Tenpas: And one thing we were talking about during the break, it's not if you're going to get hacked, it's when you said they use the information.

Zemlock: Yeah, absolutely. And it happens in a lot of different ways. You know, whether it's through, you know, those digital means through personal devices or through the Internet or literally physically, somebody showing up at your property and working their way into your facility.

Tenpas: Wow. All right. It's a whole new ballgame out there, a new world. But this asset protection program is, again, an associate degree program at Fox Valley Tech. Is. It's here to help. And one of the best, if not the only in the nation that's specifically targeting this. So cool. We love that. It's here at Fox Valley Tech.
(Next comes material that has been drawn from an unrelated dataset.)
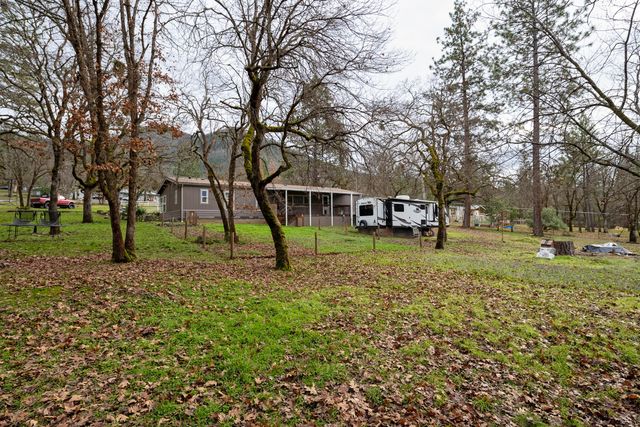 75 Anna Laura Road, Jacksonville, OR 97530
Aaron, If people are listening or want to share more about this program with whomever they know in their life who might be a good fit, how do we get them connected?

Zemlock: Easiest way is really to contact FVTC. If you go on our website and go to the public Safety division, you will see the asset protection degree and there's contact information right there and you'll probably be talking to me.

Tenpas: Excellent. Aaron, great to meet you. Thanks for filling us in here today.